Some Typical Contemporary Schools That Contradict Best Practices

Lawrence Stueck

Ken Tanner

SDPL

May 1999


Theoretical Foundation used to Judge Schools

The School Design and Planning Laboratory (SDPL) is working to develop an alternative curriculum delivery system for engaging the learner. We see the school facility design as an instructional material/context, not as a value neutral row of climate controlled boxes with some electronic equipment set in a grass field. Our research is based on the assumption that the school ought to attend to matters of curiosity, focus, interest, and environmental insight with great energy. The physical environment and the social structure of the school can be modified by providing comfortable, non threatening, yet challenging settings where curiosity and involvement are plentiful. The design of a learning environment versus a school building is a new image that is a practical strategy to refocus the process of education.

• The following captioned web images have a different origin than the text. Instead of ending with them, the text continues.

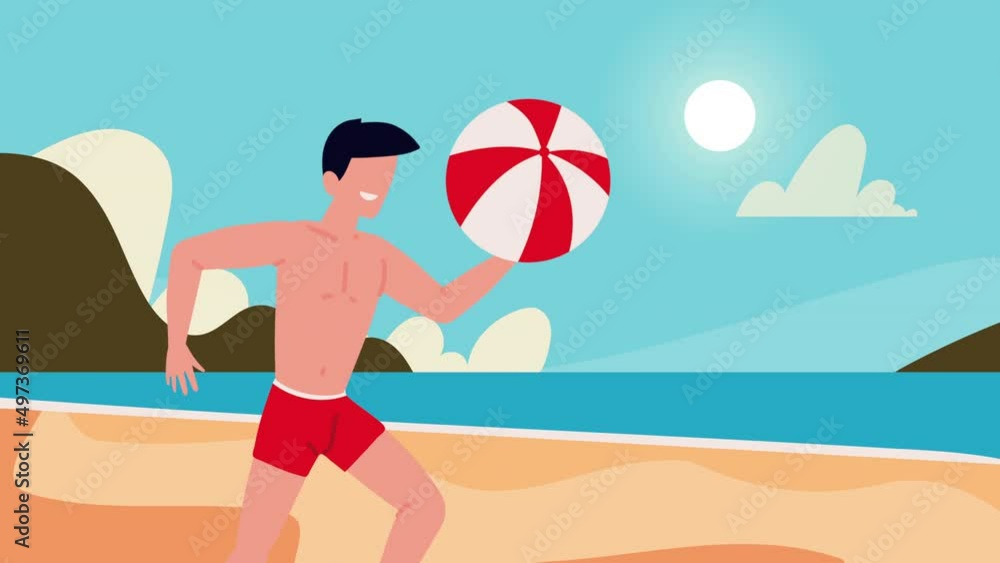 male vacationer playing with balloon on the beach male vacationer playing with balloon on the beach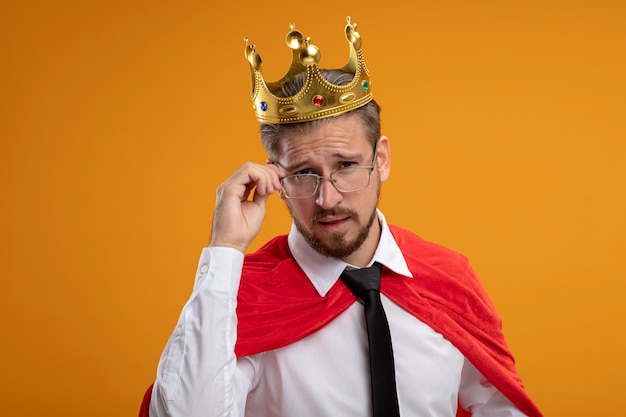 Thinking young superhero guy wearing tie and crown wearing and grabbed glasses isolated on orange background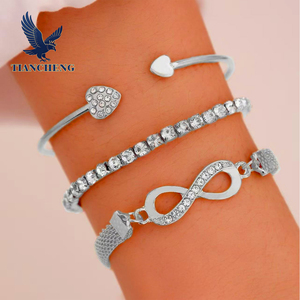 طقم أساور نسائية مكون من 3 قطع مطلية بالذهب مع زركون على شكل رقم 8 قابل للتعديل - Product Image 2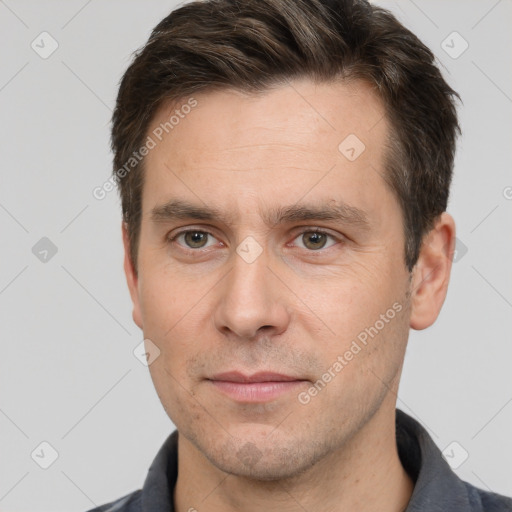 Neutral white adult male with short  brown hair and brown eyes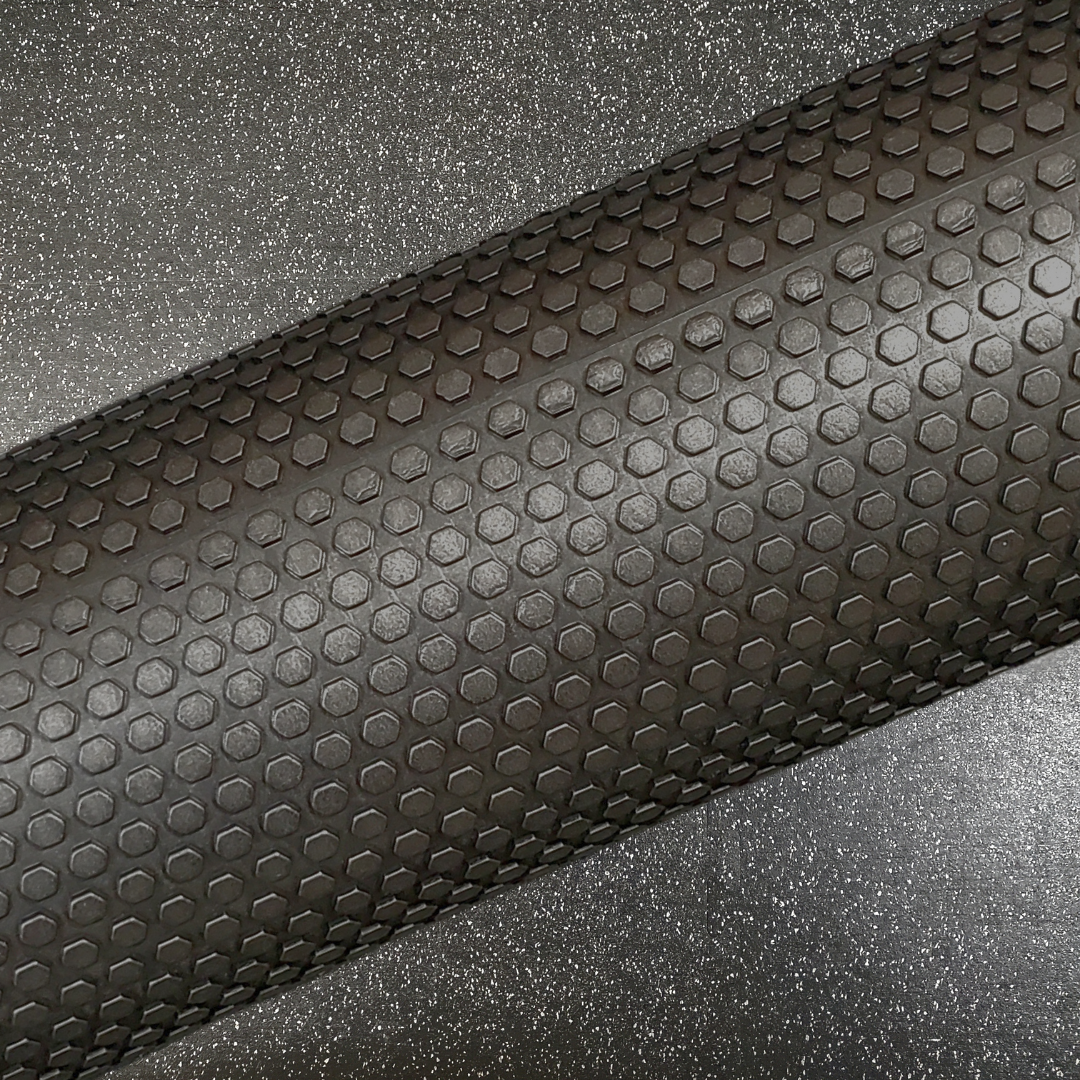 Close-up shot of the grid pattern on the 18" High Density EVA Foam Roller by White Lion Athletics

Our proposed school environment follows a constructivist, integrated, embedded curriculum model where students search for meaning, appreciate uncertainty, and inquire responsibly (see for example Celebration School). It encourages student-to student interaction, and thus fosters cooperative learning. Inter-personal, language and math skills are embedded in daily operations of the learning community. Students' suppositions, points of view, and quest for meaning are all addressed in the role play of school life. Students come to understand that they are ultimately responsible for their own learning. It abandons the mimetic approach to learning and uses practices that encourage students to think and rethink, demonstrate, and exhibit.

Our ideal school is designed to create activities that students find engaging and from which they learn things that are of social and cultural value. It is designed to have instructional time for reading, writing and mathematics. These skills are embedded in an integrated project based set of activities. The images shown in this photo essay do not lend themselves well to these types of learning activities.


The SDPL is interested in designing schools that meet curriculum needs of students. It is also important to build 'teacher friendly' schools. Our main concerns are safety and security, plenty of natural light, supervisable circulation patterns, views of life, aesthetic school houses, appropriate scale, access to the outside, flexible spaces, and value engineering.

The following images depict schools that we believe to be inferior in many of the above design concepts. We are looking for something other than "pretty good bricks." These are different schools designed by different architects. The SDPL is interested in educationally sound and developmentally appropriate environments for learning.


New, Bland, and Boring Schools



The buildings shown in this section are typical design solutions for schools in America in 1999. In many respects they have degenerated over the past 100 years. The parent entrance shown in these first two photos contrast sharply with the student entrance shown on the next page. In this image we note the typical choice of a field for the new school. In a county with many beautiful woods, a treeless field was chosen for this school. The quality of shade trees and the economic cooling aspects of shade on a building are eliminated. Having civil engineers and architects versus landscape architects and the end users (students and teachers) select the building site adversely biases selection. Note the dominate windowless kitchen wing to the front of the building, presenting a solid brick wall to the street. Furthermore, consider the scale of this monolithic building for 450 elementary school students and their teachers. "Institutional" does not have to be this bland, and inexpensive does not need to be this boring.